Full-Time Data Engineer
The Office of Sustainability seeks to transform MIT into a powerful model—that generates just, equitable, scalable, and applicable solutions for responding to the unprecedented challenges of a changing planet. To achieve our mission, we seek to advance a collaborative process that engages and elevates a diverse set of voices to foster operational excellence, education, research, and innovation on our campus. We are looking for a team member who can lead projects that produce actionable data insights and develop tools to help MIT advance its commitment to climate and sustainability.
This position will report to the Director of the Office of Sustainability and work collaboratively with the members of the Office of Sustainability team, as well as stakeholders from a mix of administrative and academic units across the Institute. Our teammates describe our culture as caring, innovative, and impactful. We share a common desire to solve problems, address environmental issues and injustices.
The Data Engineer is responsible for updating and building the data architecture needed to track and report out on all campus sustainability activities, prioritizing the climate mitigation and resiliency, waste and food goals outlined in Fast Forward: MIT’s Climate Action Plan for the Decade. More specifically, this position will initially be responsible for formalizing the data acquisition and analytical structure, policies and procedures. This individual will curate and organize data from multiple sources and upload for access on the Sustainability Data Pool, a first of its kind centralized data repository available to all members of the MIT community. The time periods and units of measurement of the data will be topic and data dependent.
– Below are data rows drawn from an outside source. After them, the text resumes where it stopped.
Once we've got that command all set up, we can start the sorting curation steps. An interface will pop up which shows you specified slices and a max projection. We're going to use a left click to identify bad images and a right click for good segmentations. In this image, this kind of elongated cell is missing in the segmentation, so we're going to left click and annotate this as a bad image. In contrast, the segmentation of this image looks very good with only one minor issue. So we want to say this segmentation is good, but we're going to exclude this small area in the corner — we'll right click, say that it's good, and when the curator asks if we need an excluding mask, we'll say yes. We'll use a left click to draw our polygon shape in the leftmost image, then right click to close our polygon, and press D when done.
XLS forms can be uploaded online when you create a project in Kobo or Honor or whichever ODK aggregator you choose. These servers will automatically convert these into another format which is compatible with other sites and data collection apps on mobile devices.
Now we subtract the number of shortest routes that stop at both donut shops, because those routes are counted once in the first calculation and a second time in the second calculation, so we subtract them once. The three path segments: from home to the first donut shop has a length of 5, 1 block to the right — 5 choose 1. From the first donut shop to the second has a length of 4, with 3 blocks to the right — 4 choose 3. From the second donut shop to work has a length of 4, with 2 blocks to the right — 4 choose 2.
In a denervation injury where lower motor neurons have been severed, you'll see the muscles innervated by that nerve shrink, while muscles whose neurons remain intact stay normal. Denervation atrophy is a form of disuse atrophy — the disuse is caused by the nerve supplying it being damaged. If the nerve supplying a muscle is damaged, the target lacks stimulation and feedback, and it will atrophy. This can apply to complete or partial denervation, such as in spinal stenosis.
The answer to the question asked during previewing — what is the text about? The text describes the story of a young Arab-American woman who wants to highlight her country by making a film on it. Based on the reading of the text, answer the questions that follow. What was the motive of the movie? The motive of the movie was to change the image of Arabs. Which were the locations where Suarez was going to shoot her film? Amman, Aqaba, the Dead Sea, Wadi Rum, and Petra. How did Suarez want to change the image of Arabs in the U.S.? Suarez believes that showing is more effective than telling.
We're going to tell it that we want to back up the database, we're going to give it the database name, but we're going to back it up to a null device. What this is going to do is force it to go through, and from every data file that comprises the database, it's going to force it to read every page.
Principle Duties and Responsibilities:
- Data Management
- Learn about historic and existing MIT and Office of Sustainability processes for obtaining and managing data e.g. IST data warehouse; refine processes where needed and develop new protocols that help to ensure efficient and robust data sourcing, ingestion and management within the office.
- Partner with Office of Sustainability project managers and student researchers to identify core data gaps, needs to sufficiently achieve a reasonable level of data set completeness, and external offices/sources for seeking the data
- Coordinate a data curation and management process in alignment with and leveraging IS&T campus data management practices, strategies, and software.
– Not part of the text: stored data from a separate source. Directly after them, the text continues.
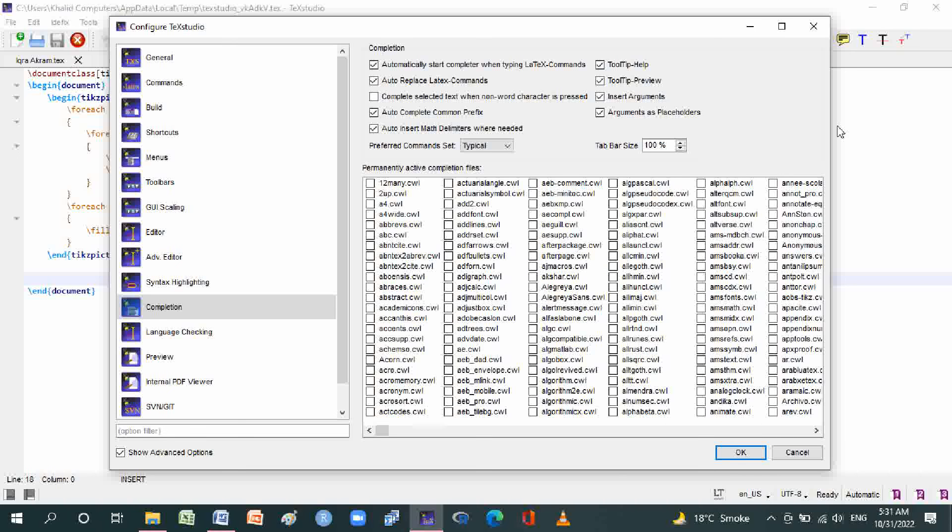Completion, ToolTip commands, in which complete selected text when non-word character is pressed, auto complete common prefix, auto insert math delimiters when needed, and in here is insert arguments and arguments as placeholders, and toolbar size is 100 percent.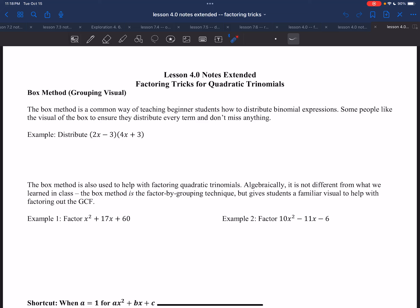Hello, and welcome back to another video for Unit 4. This part is really just an extension of the last video on Lesson 4.0 with Factoring. I really like students to practice the groupings so that they understand the meaning and why factoring works the way it does.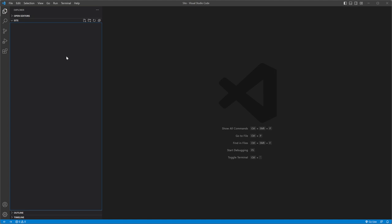Open your IDE and create a website. I will be using Visual Studio Code. Create reports and scripts folders.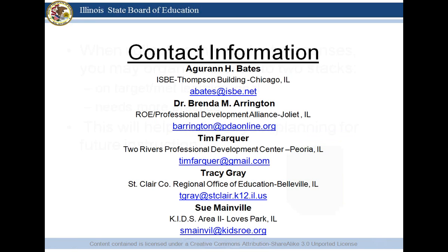Here's some contact information for myself as well as my colleagues. Feel free to contact me or your area's data and assessment specialist if you have any questions or needs in this area. Thank you.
- Collaborate with and provide support to Office of Sustainability project management team members in the process of seeking and obtaining data from the source office, vendor, etc.
- Implement and complete processes to ingest data and integrate data into the central campus sustainability data repository known as the MIT Sustainability Data Pool.
- Collaborate with data providers to ensure that the data ingestion and processing of data maintains quality, controls and integrity as expected by the sharing office (i.e. seek input on any duplications of lines or other anomalies).
- Effectively organize, clean, integrate and prepare large, varied datasets, architect specialized database and computing environments, and communicate results.
- Ensure quality and integrity of data across campus sustainability topic areas [e.g. energy, water, materials, food, transportation, waste etc.].
- When a data topic is deemed a priority by the Director, collaborate with staff/students to model data to enhance data quality, impute missing values, detect anomalies, identify important relationships, and/or generate predictions and forecasts
- Determine when statistical learning techniques (machine learning) can be applied and where they would add value. Execute these techniques and clearly communicate limitations to stakeholders.
- Generate automated reports and communications necessary for city compliance, stakeholder transparency, operational performance, and decision-making. Reports include, but are not limited to supporting MIT’s greenhouse gas inventory, transportation trends, and waste management.
- Prepares materials and communicates analytical findings in the appropriate mediums and level of detail for MIT leadership, department management, institutional partners, the MIT community, and the broader public. Communications may include, but are not limited to, an annual sustainability performance report, web-based dashboards, charts or infographics.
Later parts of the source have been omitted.